The correspondence, which sparked a lively exchange involving other judges, amounted to an unusual exposure of private conversations on the federal bench. It also poses the question of how the judiciary now will police itself in such instances.

***

The controversy began the evening of July 3, when Sullivan forwarded the invitation.

Soon after, Randolph, who serves on the U.S. Court of Appeals for the District of Columbia Circuit, replied all. He chided Sullivan for “subjecting our colleagues to this nonsense” and suggested he had crossed an ethical line. He asked: “Should I report you? I don’t know.”

“The jurisdiction assigned to you does not include saving the planet. A little hubris [sic] would be welcomed in many of your latest public displays,” Randolph wrote.

“The supposedly science and stuff you are now sponsoring is nothing of the sort,” his email continued. “Get out of this business and back into the business of judging, which are what you are being paid to do.”

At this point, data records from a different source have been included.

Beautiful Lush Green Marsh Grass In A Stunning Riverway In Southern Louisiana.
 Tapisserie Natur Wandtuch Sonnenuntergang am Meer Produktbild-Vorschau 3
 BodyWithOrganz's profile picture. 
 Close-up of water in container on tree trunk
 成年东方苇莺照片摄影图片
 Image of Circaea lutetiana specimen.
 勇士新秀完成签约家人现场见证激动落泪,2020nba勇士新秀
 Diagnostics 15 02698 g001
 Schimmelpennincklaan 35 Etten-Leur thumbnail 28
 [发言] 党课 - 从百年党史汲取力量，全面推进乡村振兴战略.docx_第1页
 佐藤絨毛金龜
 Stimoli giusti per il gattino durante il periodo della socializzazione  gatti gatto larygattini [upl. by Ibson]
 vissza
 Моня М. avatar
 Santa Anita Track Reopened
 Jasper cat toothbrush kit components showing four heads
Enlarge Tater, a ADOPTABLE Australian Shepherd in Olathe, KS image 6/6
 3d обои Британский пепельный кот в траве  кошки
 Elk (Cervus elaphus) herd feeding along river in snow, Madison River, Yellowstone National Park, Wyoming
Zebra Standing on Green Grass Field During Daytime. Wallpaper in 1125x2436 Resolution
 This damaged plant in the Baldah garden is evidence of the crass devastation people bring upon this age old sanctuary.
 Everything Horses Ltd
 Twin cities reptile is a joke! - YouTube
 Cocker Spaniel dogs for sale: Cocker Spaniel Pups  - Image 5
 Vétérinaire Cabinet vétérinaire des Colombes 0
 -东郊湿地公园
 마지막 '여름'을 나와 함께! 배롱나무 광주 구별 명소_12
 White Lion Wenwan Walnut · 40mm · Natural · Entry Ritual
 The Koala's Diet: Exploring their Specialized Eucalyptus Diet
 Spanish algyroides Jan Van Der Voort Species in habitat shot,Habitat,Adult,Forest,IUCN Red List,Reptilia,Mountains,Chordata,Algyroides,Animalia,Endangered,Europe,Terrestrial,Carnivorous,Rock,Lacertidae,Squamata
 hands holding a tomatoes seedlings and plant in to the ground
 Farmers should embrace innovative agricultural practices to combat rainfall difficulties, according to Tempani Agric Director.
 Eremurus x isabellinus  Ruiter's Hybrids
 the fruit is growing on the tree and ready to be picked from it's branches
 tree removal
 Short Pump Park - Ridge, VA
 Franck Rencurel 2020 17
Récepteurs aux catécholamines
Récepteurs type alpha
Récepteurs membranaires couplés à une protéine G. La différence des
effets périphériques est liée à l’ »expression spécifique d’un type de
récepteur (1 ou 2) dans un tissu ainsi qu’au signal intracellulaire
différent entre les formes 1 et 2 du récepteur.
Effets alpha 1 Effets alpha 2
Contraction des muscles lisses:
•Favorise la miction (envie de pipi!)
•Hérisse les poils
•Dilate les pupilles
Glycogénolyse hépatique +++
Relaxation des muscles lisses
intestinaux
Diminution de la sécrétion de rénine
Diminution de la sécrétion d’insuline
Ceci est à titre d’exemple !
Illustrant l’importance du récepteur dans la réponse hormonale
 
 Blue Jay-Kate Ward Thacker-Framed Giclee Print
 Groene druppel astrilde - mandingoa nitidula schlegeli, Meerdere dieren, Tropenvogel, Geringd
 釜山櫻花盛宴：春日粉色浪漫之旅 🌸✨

Problem is that the seminar was approved by the Federal Judicial Center (where Chief Justice Roberts sits) forcing Randolph to back down.  He issued a half-apology:
More than two weeks after his initial note, Randolph again addressed the email list. After learning more about the Environmental Law Institute’s program and the judiciary’s co-sponsorship, he wrote: “While I continue to disagree with their conclusion about the propriety of the program, I think their position is fairly held.”

Given that, he wrote, “I do not believe that Judge Sullivan acted improperly in circulating the invitation to ELI’s program.”
Oh, how nice of you. I know the judges in our district would not give you acceptance points for that.

In addition to judges behaving badly, the executive branch is under more fire. This time in Kansas City. This is pretty remarkable:
A federal judge in a scathing order this week held the U.S. Attorney’s Office in Kansas in contempt of court for its pattern of misrepresentations, obfuscation and lack of cooperation during an investigation into a growing scandal.

A ruling by U.S. District Court of Kansas Judge Julie Robinson late Tuesday capped a three-year probe that examined the extent to which federal prosecutors in Kansas had accessed recordings of confidential phone calls and meetings between defense attorneys and their clients at a private prison in Leavenworth.

Conversations between clients and their attorneys are confidential in nearly all aspects. Robinson found that federal prosecutors in Kansas determined on their own that they could access recordings of these discussions, tainting several criminal cases along the way.

At least three criminal defendants in Kansas have had their sentences vacated or their indictments dismissed as a result of the scandal. More than a hundred others have filed petitions for similar relief.

“The Government’s wholesale strategy to delay, diffuse, and deflect succeeded in denying the individual litigants their day in court for almost three years,” Robinson wrote as part of a 188-page ruling.